Vous siégez depuis 1923 dans un palais qui est la réplique du Petit Trianon. Il vous fut donné par la France après qu’il l’eut représentée à l’exposition commémorant à Rio le centenaire de l’Indépendance du Brésil. En y tenant séance vous devez parfois penser que vous êtes transportés à Versailles. Et en allant à Versailles, au Petit Trianon, c’est souvent à vous que nous imaginons faire visite. Comme nous vous êtes les défenseurs de votre patrimoine linguistique et littéraire, et nos travaux se ressemblent. Mais à la différence de l’Académie française, vous accueillez des membres étrangers. Et vous faîtes la part belle à la France. Vous comptez parmi vos membres élus depuis un siècle seize Français dont cinq membres de notre Compagnie. Trois nous ont quittés hélas, Georges Duhamel, André Maurois et Roger Caillois. Mais deux, Maurice Druon et Jean d’Ormesson vont dans un instant prendre la parole. Parmi nos autres compatriotes choisis par vous il en est un dont je veux évoquer le nom, car vous l’aurez consolé de n’avoir pu entrer dans notre Compagnie, c’est Emile Zola, l’un des occupants de ce que nous nommons le 41fauteuil, celui de nos regrets ou repentirs. De cette réparation je tenais à vous remercier.

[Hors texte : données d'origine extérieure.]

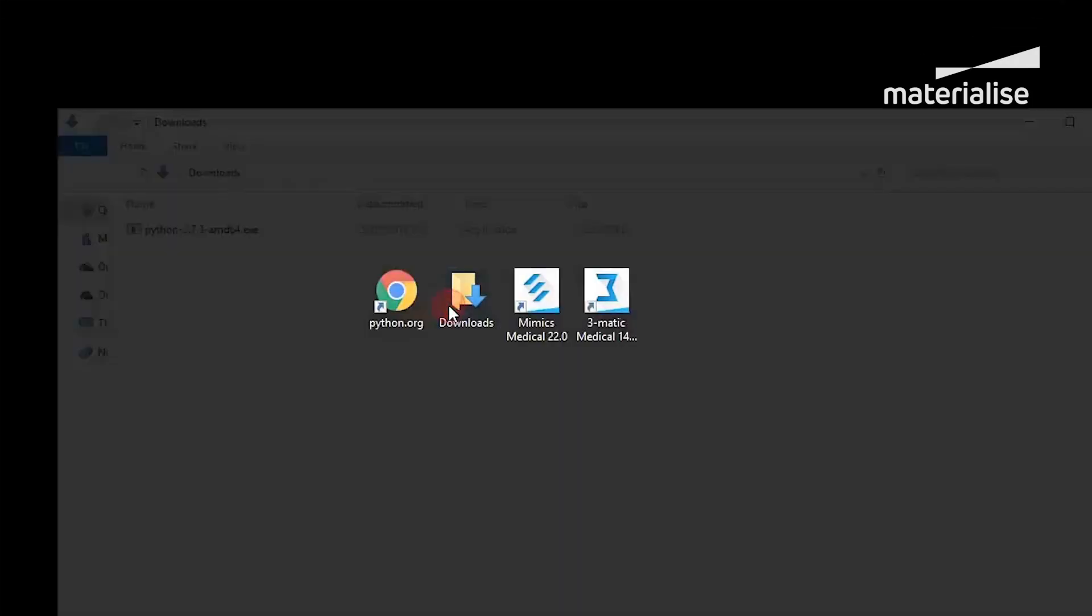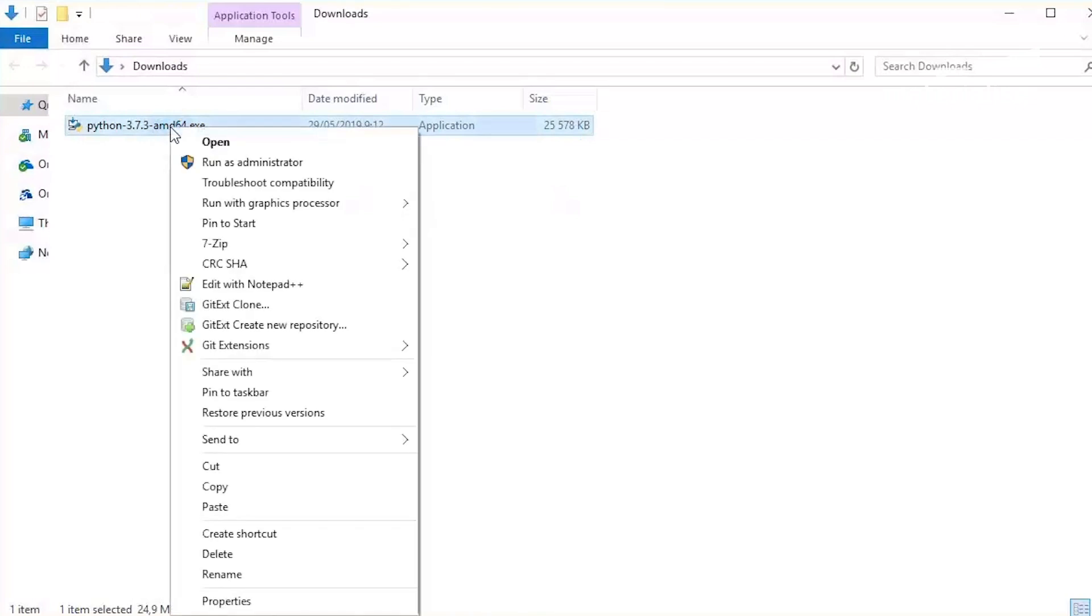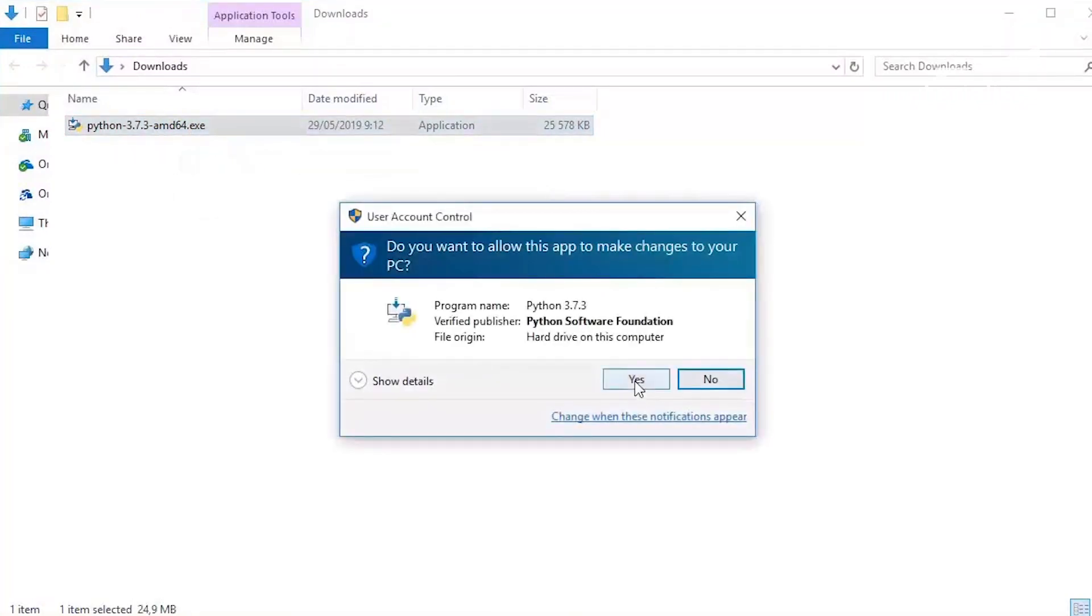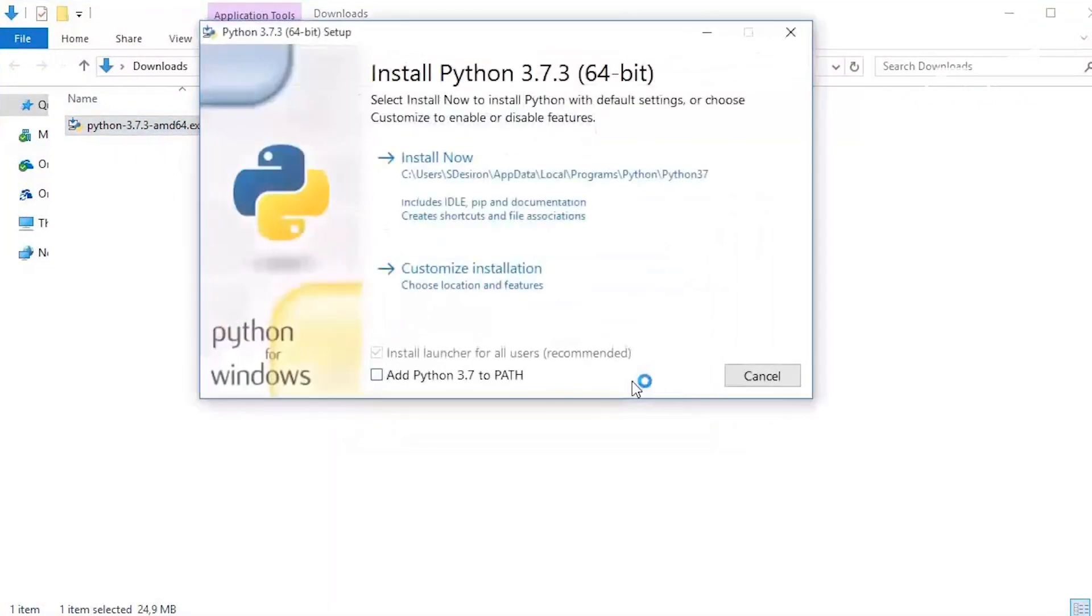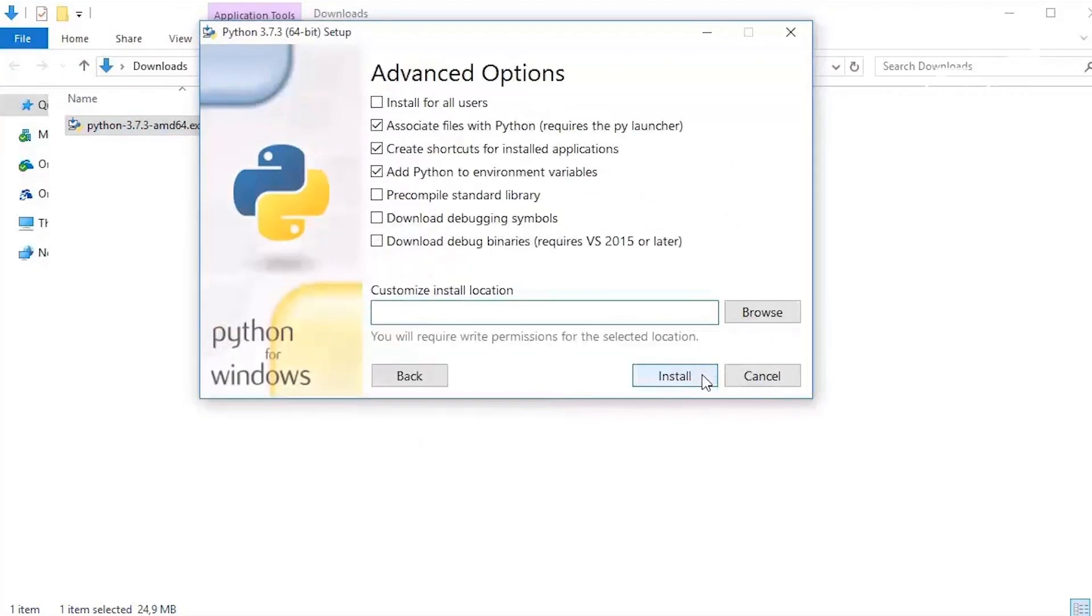Once the download is complete, run the executable as an administrator and the installation wizard will appear. We advise to choose the Custom Install option, which allows you to set the installation path.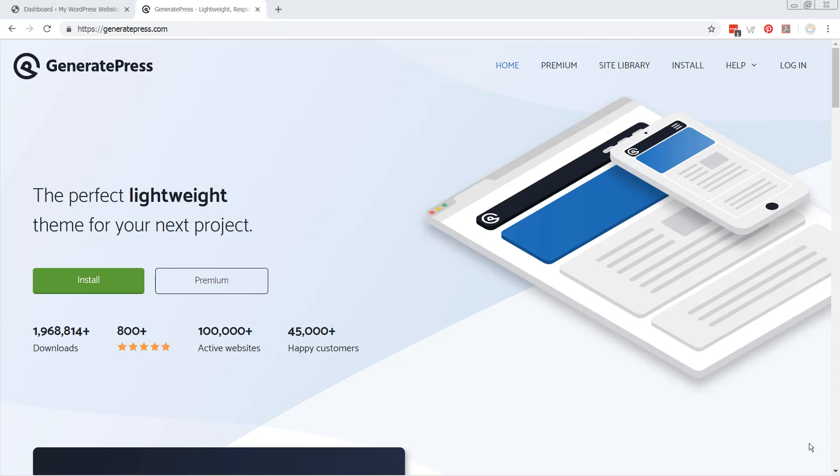I'm going to take you through first the features that are available with the free version of GeneratePress, and you're going to be quite impressed as to what you can do. And then we will jump into the premium side of things, and you can decide for yourself whether you would like to buy it or not.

Votre venue parmi nous nous est un très grand honneur et nous comble de joie. Pour ce qui unit nos deux pays. Pour les liens fraternels qui existent entre nos deux académies. Permettez-moi de vous exprimer au nom de toute notre Compagnie notre affectueuse gratitude. Et de vous dire bienvenue parmi nous, chers confrères et même frères brésiliens.